===== GIVEN DATA

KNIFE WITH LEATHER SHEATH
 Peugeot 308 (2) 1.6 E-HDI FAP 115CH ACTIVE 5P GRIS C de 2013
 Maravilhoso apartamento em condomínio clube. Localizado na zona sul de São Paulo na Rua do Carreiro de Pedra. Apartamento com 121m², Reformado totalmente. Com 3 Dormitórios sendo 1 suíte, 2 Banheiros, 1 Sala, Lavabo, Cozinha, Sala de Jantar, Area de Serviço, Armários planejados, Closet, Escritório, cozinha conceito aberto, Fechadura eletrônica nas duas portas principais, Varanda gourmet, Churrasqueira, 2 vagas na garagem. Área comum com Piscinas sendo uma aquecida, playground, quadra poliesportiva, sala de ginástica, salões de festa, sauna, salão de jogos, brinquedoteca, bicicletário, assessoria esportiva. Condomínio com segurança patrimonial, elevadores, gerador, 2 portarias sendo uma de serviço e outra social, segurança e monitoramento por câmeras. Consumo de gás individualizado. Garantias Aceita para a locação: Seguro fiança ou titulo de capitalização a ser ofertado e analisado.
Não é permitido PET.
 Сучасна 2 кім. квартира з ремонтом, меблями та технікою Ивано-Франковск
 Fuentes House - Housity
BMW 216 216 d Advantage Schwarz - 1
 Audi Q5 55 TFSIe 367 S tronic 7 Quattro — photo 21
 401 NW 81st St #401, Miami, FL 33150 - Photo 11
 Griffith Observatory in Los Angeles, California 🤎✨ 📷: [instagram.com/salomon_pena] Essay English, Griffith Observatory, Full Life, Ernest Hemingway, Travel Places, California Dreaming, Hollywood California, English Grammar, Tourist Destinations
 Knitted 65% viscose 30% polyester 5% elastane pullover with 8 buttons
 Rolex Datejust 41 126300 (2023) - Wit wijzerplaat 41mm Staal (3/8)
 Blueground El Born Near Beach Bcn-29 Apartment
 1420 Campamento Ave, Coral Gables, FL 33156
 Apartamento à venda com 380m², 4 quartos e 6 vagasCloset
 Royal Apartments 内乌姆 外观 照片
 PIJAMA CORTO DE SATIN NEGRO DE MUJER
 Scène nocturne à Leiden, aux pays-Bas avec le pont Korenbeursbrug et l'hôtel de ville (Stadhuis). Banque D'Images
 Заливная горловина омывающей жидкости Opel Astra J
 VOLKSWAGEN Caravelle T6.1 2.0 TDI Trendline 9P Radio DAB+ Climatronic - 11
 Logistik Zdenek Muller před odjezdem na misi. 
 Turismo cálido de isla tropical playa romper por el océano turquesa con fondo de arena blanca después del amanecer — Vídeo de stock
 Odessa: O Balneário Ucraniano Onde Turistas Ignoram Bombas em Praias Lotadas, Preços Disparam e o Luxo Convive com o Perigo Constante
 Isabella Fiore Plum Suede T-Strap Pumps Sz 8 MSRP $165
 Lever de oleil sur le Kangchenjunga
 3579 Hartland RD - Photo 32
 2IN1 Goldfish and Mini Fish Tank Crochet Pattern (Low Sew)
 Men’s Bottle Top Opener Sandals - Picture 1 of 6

==========

AIM OF THE EXERCISE>
Which lines above contain "Apartamento"? Show each of them.

RESPONSE>
 Maravilhoso apartamento em condomínio clube. Localizado na zona sul de São Paulo na Rua do Carreiro de Pedra. Apartamento com 121m², Reformado totalmente. Com 3 Dormitórios sendo 1 suíte, 2 Banheiros, 1 Sala, Lavabo, Cozinha, Sala de Jantar, Area de Serviço, Armários planejados, Closet, Escritório, cozinha conceito aberto, Fechadura eletrônica nas duas portas principais, Varanda gourmet, Churrasqueira, 2 vagas na garagem. Área comum com Piscinas sendo uma aquecida, playground, quadra poliesportiva, sala de ginástica, salões de festa, sauna, salão de jogos, brinquedoteca, bicicletário, assessoria esportiva. Condomínio com segurança patrimonial, elevadores, gerador, 2 portarias sendo uma de serviço e outra social, segurança e monitoramento por câmeras. Consumo de gás individualizado. Garantias Aceita para a locação: Seguro fiança ou titulo de capitalização a ser ofertado e analisado.
 Apartamento à venda com 380m², 4 quartos e 6 vagasCloset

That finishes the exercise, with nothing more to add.